Vivre dans une péniche

Lou

Début d'histoire un peu folle, qui n'aboutira, je pense, à rien.

Les vagues fendaient l'eau. Le clapotis des vagues me parvins lointaine, presque inexistantes, comme un murmure. Bercée, allongée sur mon lit aussi dure que le bois, je regardais le plafond, silencieuse et rêveuse. Par le hublot je voyais les passants nous jeter des coups d'œil intéressés. C'est sur, vivre sur une péniche n'est pas donné à tout le monde. Cette existence, originale pour d'autres, me paraissait normale à présent. Le roulis de l'eau salée, les plongeons des poissons, le soleil qui vient éclaircir ma peau quand je suis sur le pont, les passages des écluses, les amarrages... Tout cela me semblait familier.

Je me levai, décidée à me préparer un smoothie avant le retour de mon père, qui devait m'acheter des affaires de cours pour ma rentrée en 3eme dans un établissement inconnu prévu pour la semaine suivante. J'avais l'habitude de l'inconnu.
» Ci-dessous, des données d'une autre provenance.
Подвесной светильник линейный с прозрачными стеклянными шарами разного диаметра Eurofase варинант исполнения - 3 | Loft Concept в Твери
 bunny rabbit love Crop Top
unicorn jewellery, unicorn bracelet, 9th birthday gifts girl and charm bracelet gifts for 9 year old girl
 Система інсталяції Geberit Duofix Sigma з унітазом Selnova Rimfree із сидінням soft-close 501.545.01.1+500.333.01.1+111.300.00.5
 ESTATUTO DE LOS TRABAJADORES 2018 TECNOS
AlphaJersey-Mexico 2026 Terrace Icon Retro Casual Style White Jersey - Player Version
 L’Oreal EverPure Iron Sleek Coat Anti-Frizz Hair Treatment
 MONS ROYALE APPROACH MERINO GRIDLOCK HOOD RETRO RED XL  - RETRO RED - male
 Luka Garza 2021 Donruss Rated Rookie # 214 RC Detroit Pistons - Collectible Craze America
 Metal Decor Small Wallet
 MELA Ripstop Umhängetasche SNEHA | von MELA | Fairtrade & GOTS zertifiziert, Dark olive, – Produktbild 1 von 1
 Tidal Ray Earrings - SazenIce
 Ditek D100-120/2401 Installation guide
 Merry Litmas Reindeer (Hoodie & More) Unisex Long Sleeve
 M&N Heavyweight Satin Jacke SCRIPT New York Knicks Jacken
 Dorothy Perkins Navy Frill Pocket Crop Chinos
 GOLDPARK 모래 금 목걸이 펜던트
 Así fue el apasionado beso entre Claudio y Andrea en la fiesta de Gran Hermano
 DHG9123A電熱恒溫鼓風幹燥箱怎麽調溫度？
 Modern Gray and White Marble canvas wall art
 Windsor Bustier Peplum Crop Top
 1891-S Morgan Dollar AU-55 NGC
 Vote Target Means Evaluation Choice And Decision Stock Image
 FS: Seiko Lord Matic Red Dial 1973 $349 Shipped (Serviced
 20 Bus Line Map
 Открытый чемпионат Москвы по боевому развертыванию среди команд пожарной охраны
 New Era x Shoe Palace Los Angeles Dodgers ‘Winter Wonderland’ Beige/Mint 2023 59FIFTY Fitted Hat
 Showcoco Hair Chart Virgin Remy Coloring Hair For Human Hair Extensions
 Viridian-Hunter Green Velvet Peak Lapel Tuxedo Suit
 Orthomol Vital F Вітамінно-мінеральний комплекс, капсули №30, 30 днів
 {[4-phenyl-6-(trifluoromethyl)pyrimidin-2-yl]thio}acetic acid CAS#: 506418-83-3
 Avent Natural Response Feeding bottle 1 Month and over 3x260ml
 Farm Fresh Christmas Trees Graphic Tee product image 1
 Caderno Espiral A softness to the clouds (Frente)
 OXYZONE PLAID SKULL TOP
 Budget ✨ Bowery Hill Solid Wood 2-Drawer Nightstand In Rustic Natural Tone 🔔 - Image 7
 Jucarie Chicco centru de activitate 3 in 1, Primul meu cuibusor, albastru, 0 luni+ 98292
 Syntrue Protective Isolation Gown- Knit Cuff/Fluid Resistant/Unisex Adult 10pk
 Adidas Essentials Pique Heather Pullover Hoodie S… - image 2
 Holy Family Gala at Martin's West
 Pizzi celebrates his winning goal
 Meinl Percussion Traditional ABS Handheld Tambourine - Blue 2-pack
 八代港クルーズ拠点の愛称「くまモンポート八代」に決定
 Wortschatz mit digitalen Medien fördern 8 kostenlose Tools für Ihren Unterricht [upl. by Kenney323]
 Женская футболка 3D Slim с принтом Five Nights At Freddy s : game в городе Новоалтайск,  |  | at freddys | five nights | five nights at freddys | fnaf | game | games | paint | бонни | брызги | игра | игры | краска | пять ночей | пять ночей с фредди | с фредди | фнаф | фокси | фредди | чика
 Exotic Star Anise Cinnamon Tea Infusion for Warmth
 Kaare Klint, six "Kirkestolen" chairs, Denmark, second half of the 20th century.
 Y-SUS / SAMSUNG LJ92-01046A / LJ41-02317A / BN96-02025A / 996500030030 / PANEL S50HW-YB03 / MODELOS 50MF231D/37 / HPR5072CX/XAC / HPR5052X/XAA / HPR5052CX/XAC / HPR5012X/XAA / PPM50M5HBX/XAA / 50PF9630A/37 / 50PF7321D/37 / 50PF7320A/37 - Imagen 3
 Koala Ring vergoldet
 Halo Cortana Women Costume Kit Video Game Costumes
Mon père, un marin un peu fou, amoureux des rivières et de l'océan, avait enfermé sa passion bien longtemps. Petit à petit, cette passion qui le dévorait de l'intérieur, qui l'appelait à chaque fois qu'il allait se promener sur le large, il l'avait libéré. D'abord en achetant un chalutier d'occasion qui tombait en ruine, puis un vrai beau bateau, pour la pêche. Enfin, à la mort de ma mère, et pour noyer son chagrin, il avait acquis une péniche et avait sillonné les torrents.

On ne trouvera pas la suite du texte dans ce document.